═════ Exercise data ═════
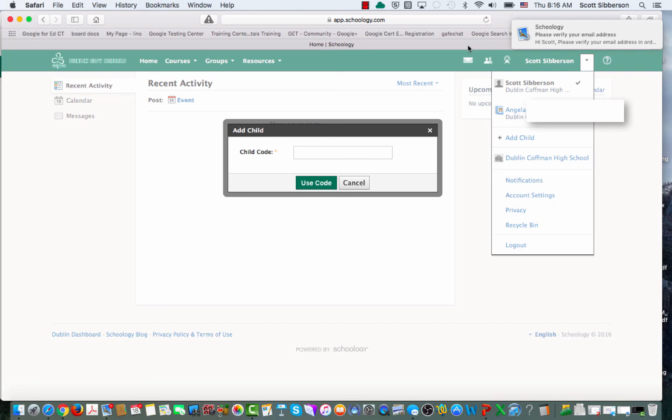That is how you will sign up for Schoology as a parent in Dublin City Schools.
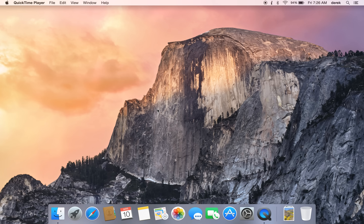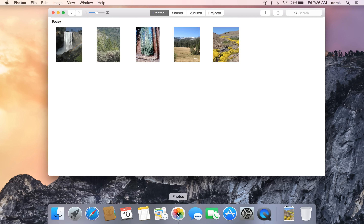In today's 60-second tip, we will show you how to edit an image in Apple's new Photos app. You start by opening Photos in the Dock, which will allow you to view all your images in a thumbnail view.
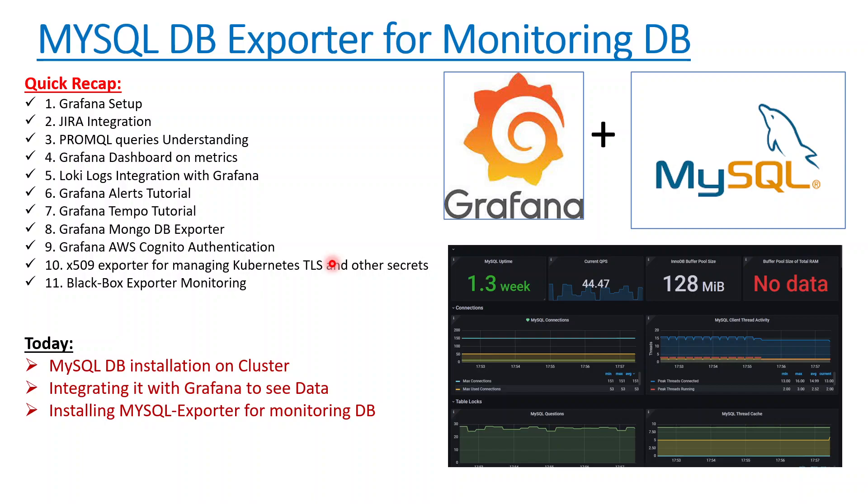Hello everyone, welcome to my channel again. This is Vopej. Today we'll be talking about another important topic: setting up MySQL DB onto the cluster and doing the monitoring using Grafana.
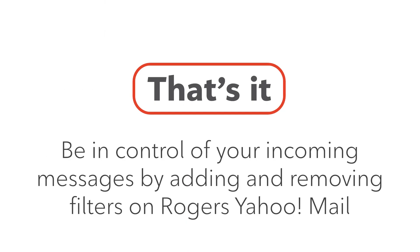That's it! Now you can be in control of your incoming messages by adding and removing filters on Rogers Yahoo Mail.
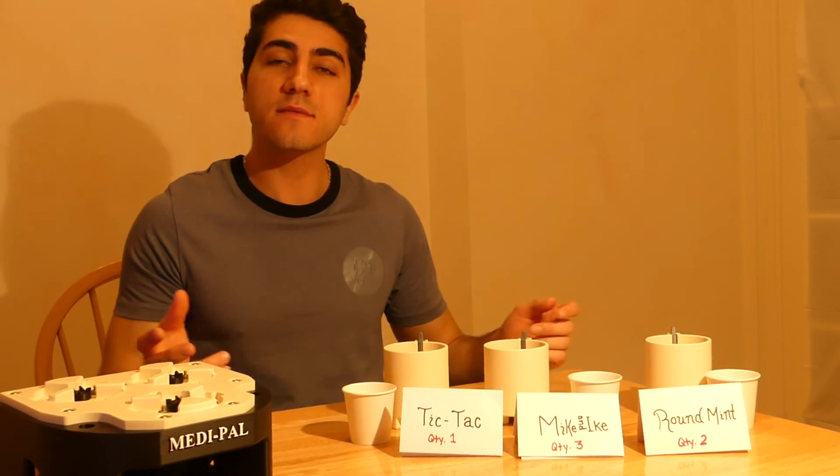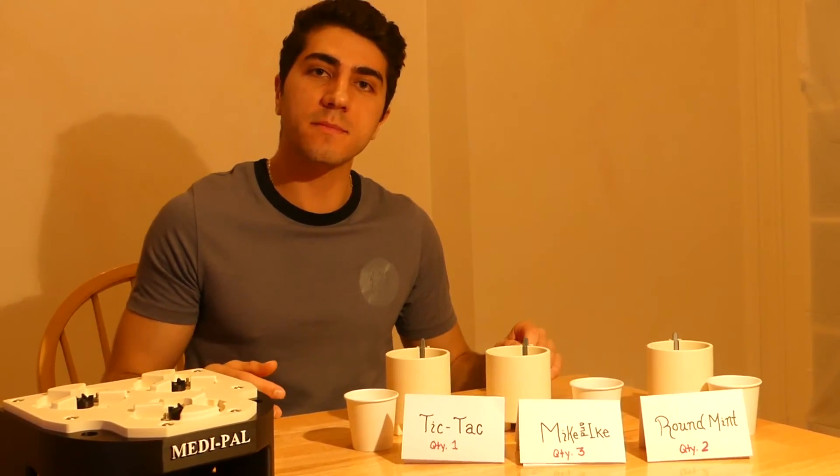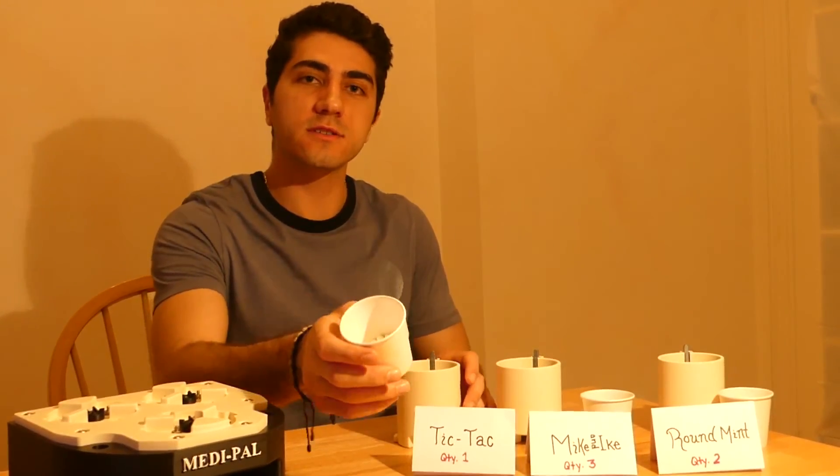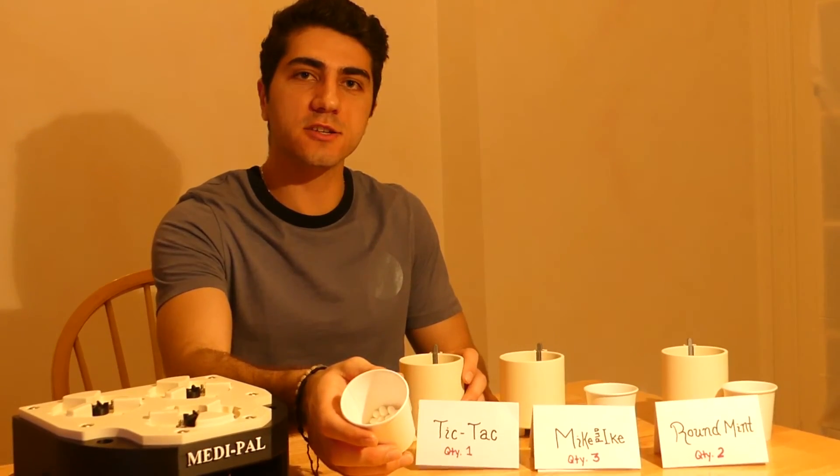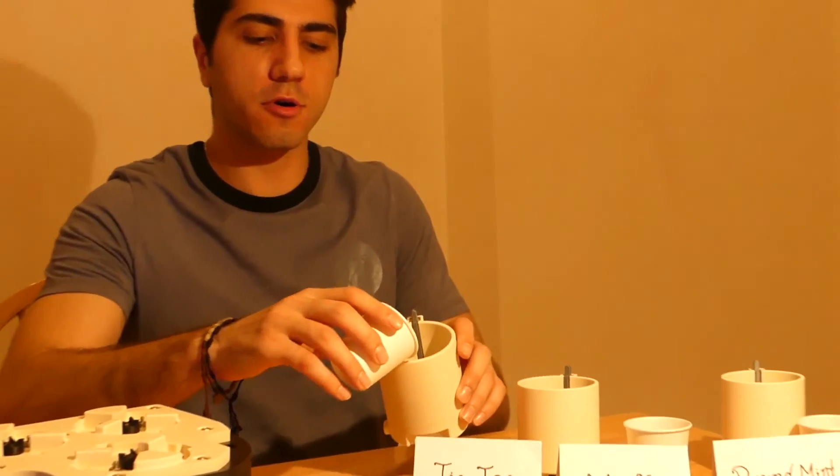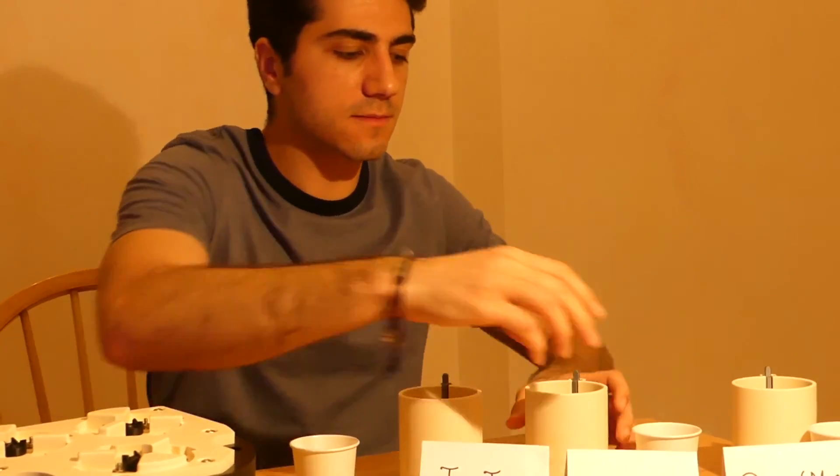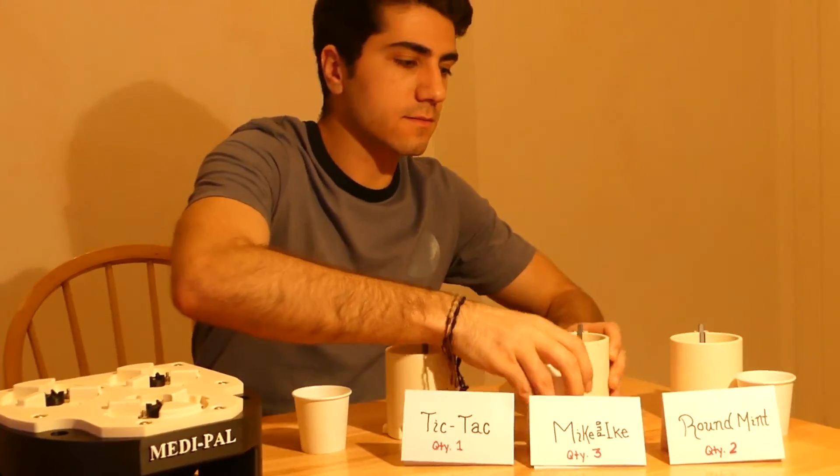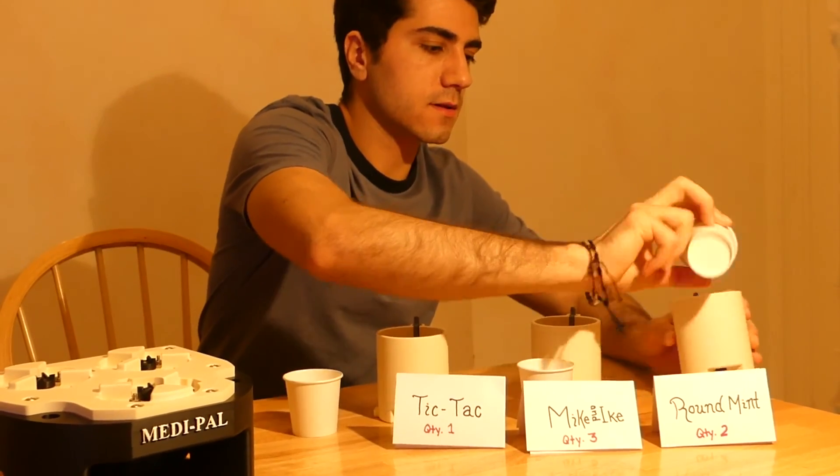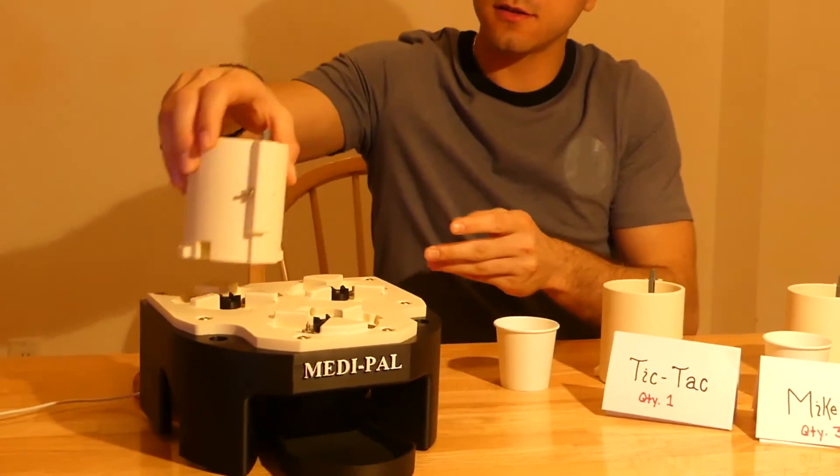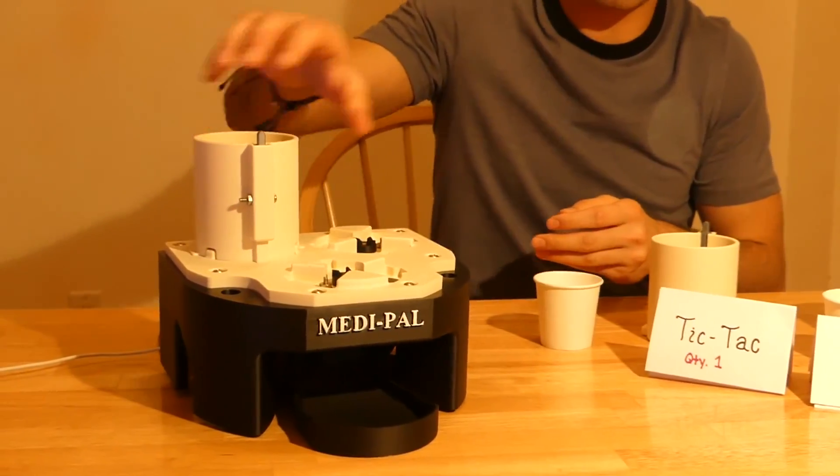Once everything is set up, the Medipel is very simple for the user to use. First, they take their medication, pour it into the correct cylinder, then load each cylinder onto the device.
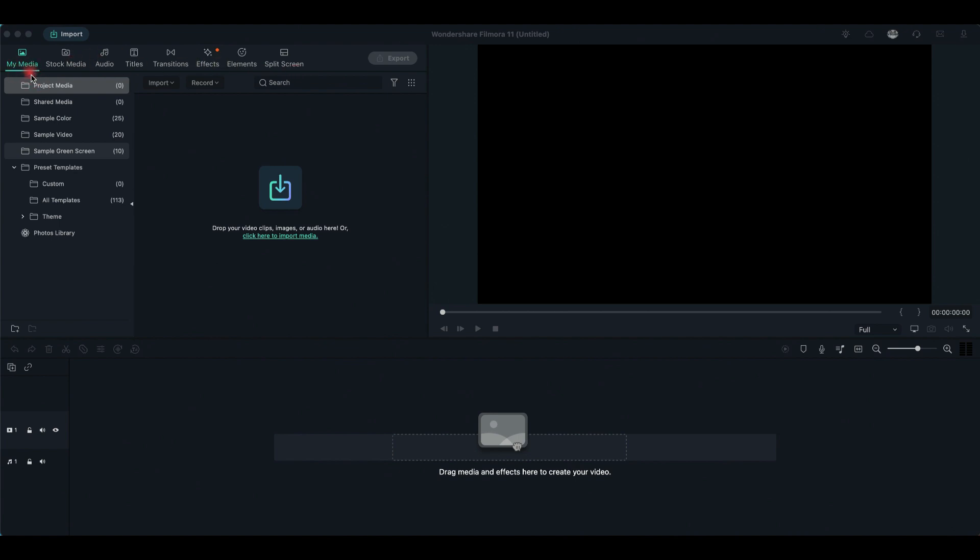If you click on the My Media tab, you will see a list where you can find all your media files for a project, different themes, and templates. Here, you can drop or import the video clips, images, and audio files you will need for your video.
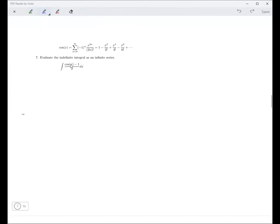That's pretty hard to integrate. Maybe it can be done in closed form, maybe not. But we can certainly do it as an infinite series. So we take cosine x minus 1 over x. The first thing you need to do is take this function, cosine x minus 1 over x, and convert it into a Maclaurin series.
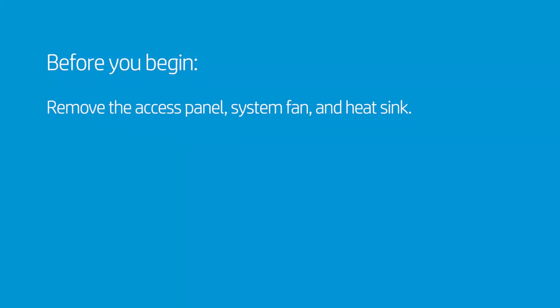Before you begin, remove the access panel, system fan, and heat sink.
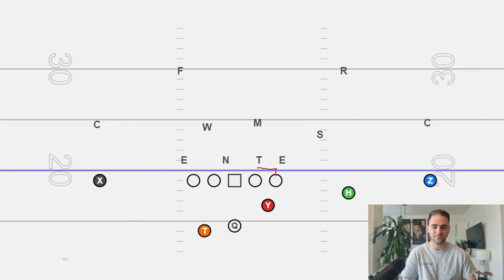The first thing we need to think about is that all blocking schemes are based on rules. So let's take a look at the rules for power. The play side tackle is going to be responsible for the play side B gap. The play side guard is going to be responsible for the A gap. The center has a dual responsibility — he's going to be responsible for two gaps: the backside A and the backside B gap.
═════
> What to produce
With the pictures omitted, restate word for word the lines above from the line that has "In today's 60-second" up to and including the line that has "Once everything is", and no other lines.

> Task response
In today's 60-second tip, we will show you how to edit an image in Apple's new Photos app. You start by opening Photos in the Dock, which will allow you to view all your images in a thumbnail view.
Hello everyone, welcome to my channel again. This is Vopej. Today we'll be talking about another important topic: setting up MySQL DB onto the cluster and doing the monitoring using Grafana.
That's it! Now you can be in control of your incoming messages by adding and removing filters on Rogers Yahoo Mail.
Once everything is set up, the Medipel is very simple for the user to use. First, they take their medication, pour it into the correct cylinder, then load each cylinder onto the device.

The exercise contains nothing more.